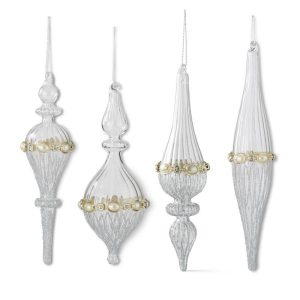 Ribbed Clear Glass & Silver Glitter Ornament with Rhinestone and Pearls - Choose Style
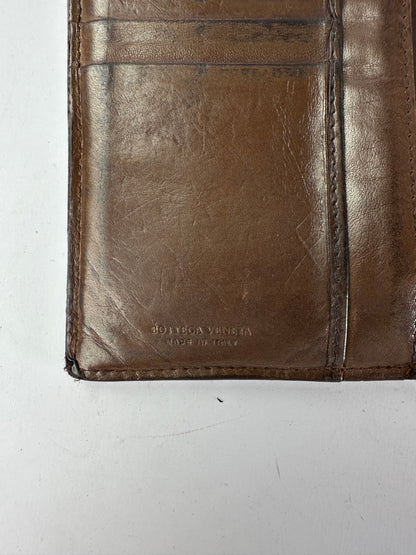 Vintage Bottega Veneta Intrecciato Bifold Wallet Early 2000s Dark Brown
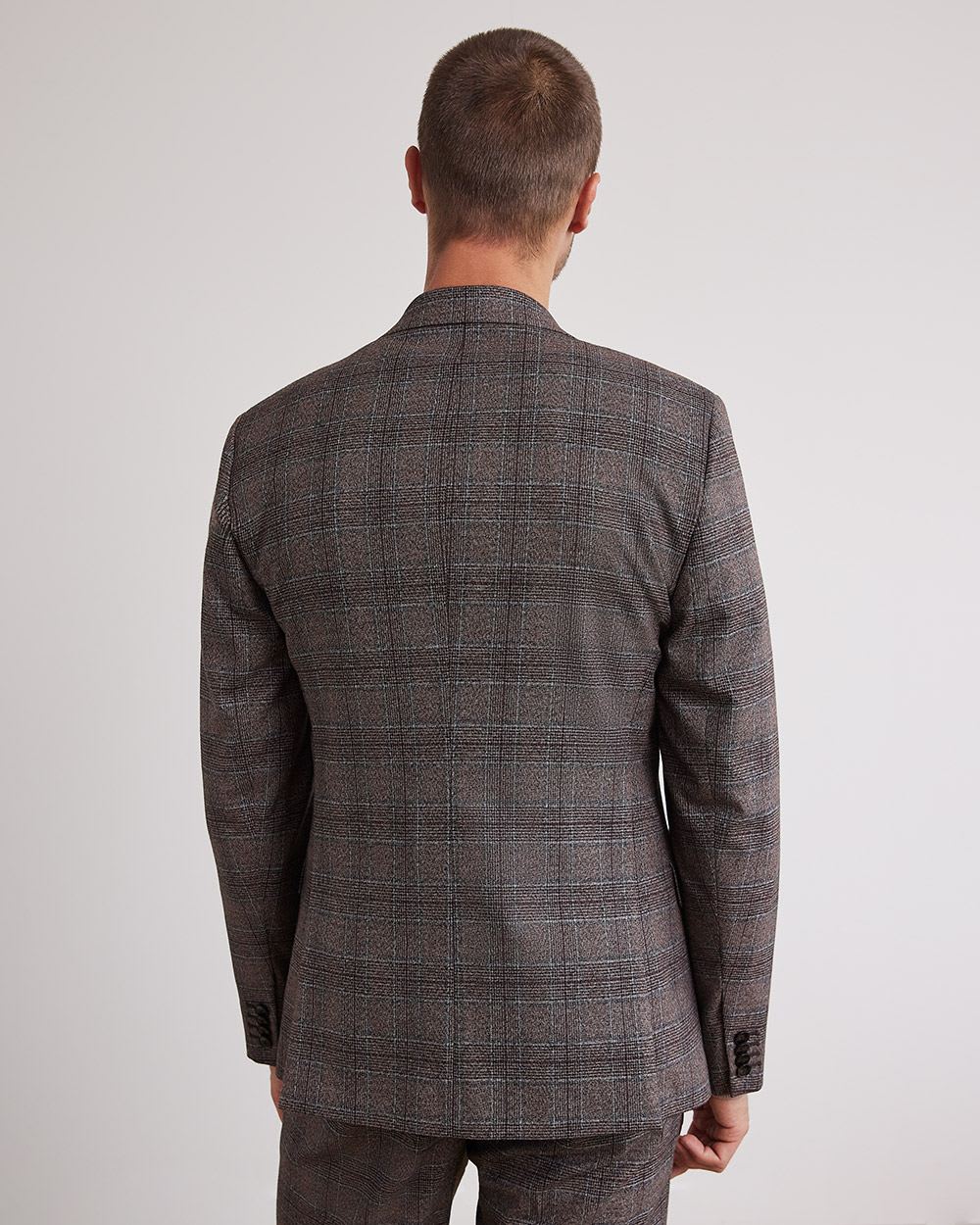 Slim-Fit Grey Checkered Suit Blazer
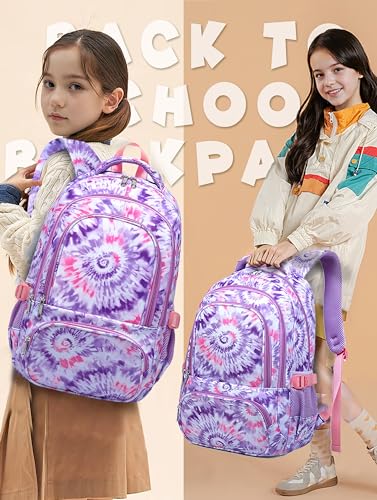 BLUEFAIRY Tie-dye Purple Kids Backpack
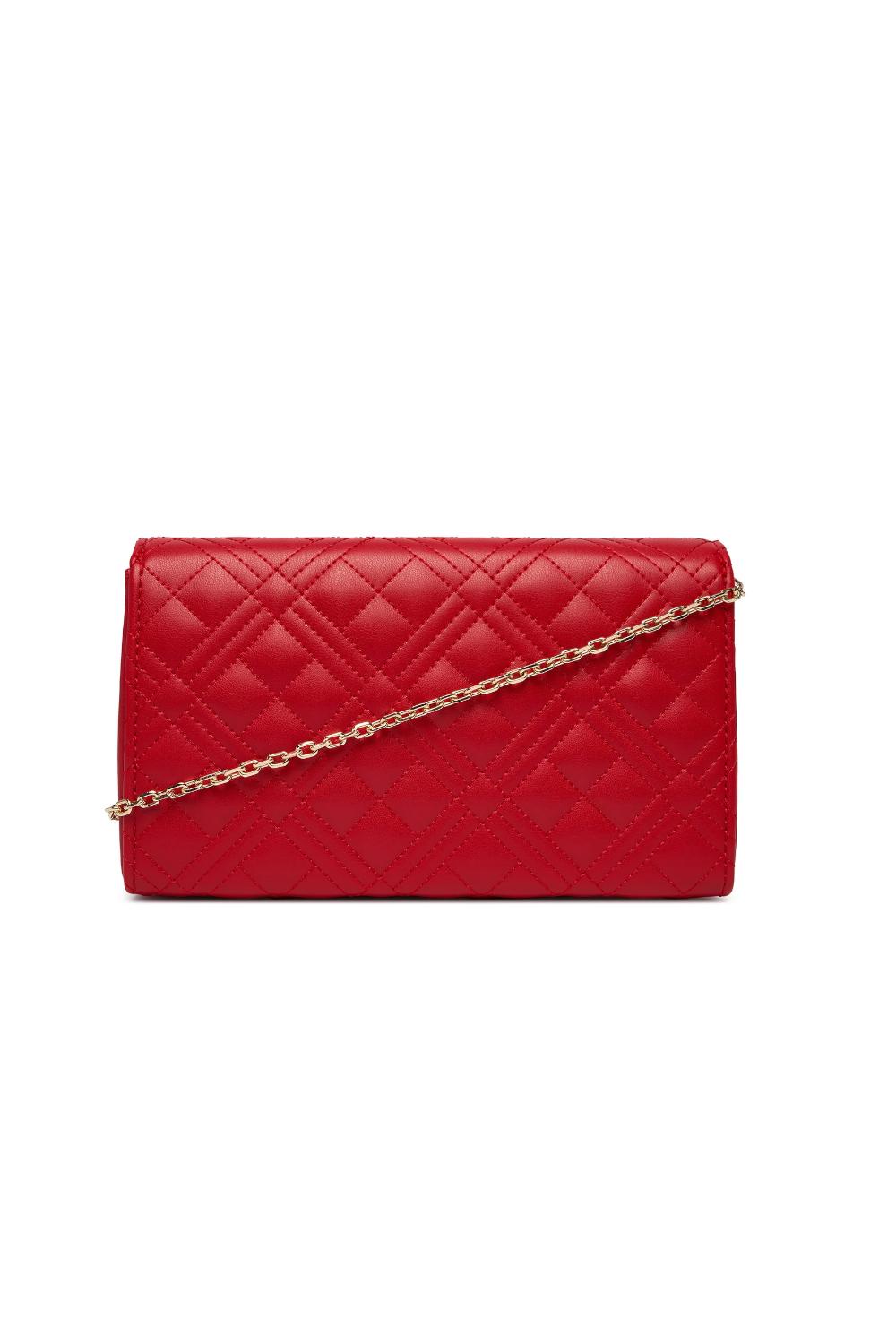 Pochette trapuntata Love Moschino con logo lettering oro e catena JC4079PP1O LA0500 Love Moschino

===

§ Exercise directions
No pictures belong in the answer, only the lines from the top of the listing through the line containing "BLUEFAIRY Tie-dye Purple Kids Backpack", repeated word for word.

§ Problem solution
 Ribbed Clear Glass & Silver Glitter Ornament with Rhinestone and Pearls - Choose Style
 Vintage Bottega Veneta Intrecciato Bifold Wallet Early 2000s Dark Brown
 Slim-Fit Grey Checkered Suit Blazer
 BLUEFAIRY Tie-dye Purple Kids Backpack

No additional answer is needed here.